Netherlands- Amsterdam – The Red Light District has zero-tolerance of photos taken there. Especially any photos that include the windows of a brothel. This zero-tolerance includes photos you may take with your phone. Be forewarned and responsible and don’t take any photos there. Those who have been beaten or had their camera confiscated.
South Korea – Culturally shooting strangers without permission is considered rude. If the photographer does not have the express permission of those who appear in the picture, these photographed individuals can contact authorities or press charges against the photographer under the pretense that their right to privacy is being violated particularly if the photo is going to be posted publicly.
United Arab Emirates (UAE) –Taking photos of military areas, palaces, courts, and government buildings is banned. Typically you need permission before taking pictures of others. Visitors taking forbidden pictures have been jailed and fined about $1350 for illegal photography.
Japan – Some temples and Shinto shrines have banned photography and it appears more are doing so each year. Before you take a picture it is best to ask if it is allowed. Temples are places of worship and some tourists who have forgotten that and have ruined grounds and disturbed those who are there to contemplate or worship in pursuit of the perfect photo.
India – Taj Mahal Photography of the exterior of the most famous building in India is allowed. However, the interior is a tomb and it is disrespectful to shoot photos in there.
China, Nanjing – Located here is the Jiangsu National Security Education Museum. Only Chinese citizens are allowed to enter this spy museum. The museum housed spying devices and papers from 1927. The items are considered too sensitive for foreigners to see. Even Chinese citizens must follow the rule that photography is forbidden and can’t photograph the contents.
England, London – The crown jewels are housed in the Tower of London. All photography of the jewels is strictly forbidden. They are protected by bombproof glass, security guards and over 100 security cameras.
Photography Tips for Foreign Countries
- Equipment transportation – What do you need to do to protect your camera and equipment?
- Customs consideration – It may be helpful to register your equipment with U.S. Customs before leaving the country. You will receive a receipt verifying that you owned the equipment before departing. Ask at the check-in counter at the airport.

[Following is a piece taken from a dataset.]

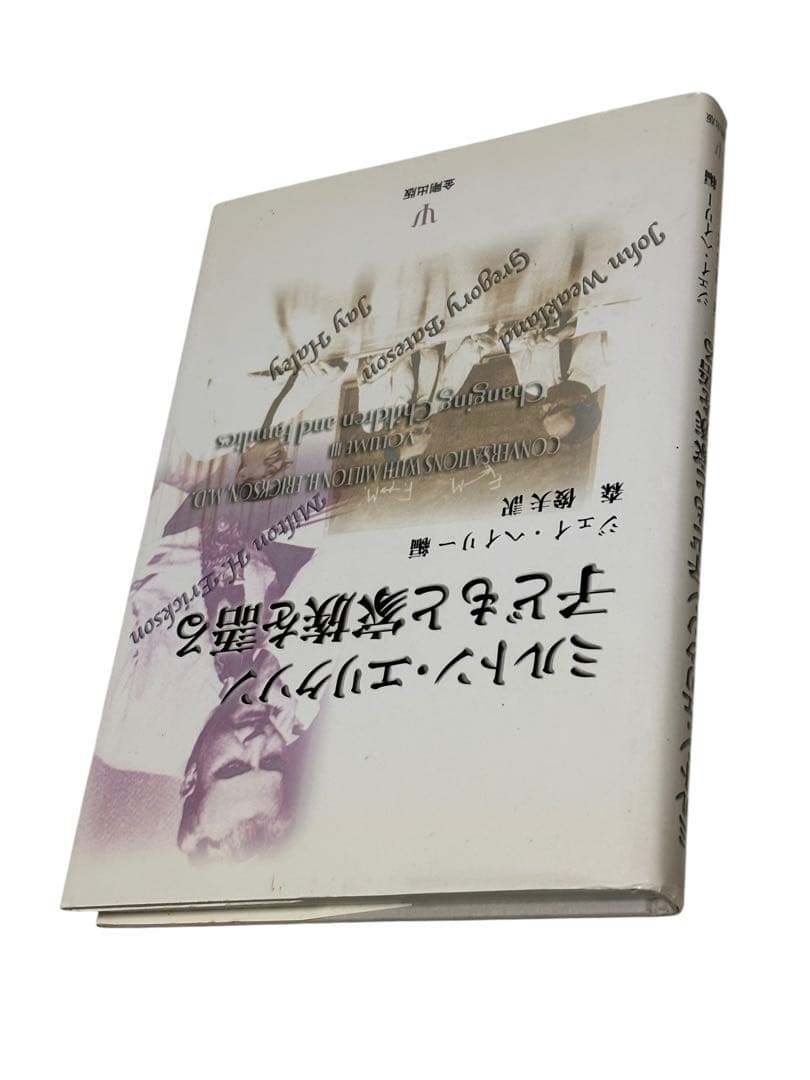 ミルトン・エリクソン子どもと家族を語る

- Batteries – Do you have spare batteries? Will you need a power converter for your battery charger? Do you have the correct type of plug for the electrical supply?
- Security – What special consideration must you give regarding the security of your equipment?
- Cultural Differences – How will the people in the country react to being videotaped? Will you need to ask permission or “pay” to shoot video? Are certain items restricted from being videotaped?
- Language – Do you know the basic language to communicate with people when you want to videotape?
IMPORTANT POST 9/11 FILM INFORMATION
One thing you definitely need to take into consideration is the inspection process of at airports post-September 11. Hand-inspection — which averts the risks X-rays pose – may not be available at some airports.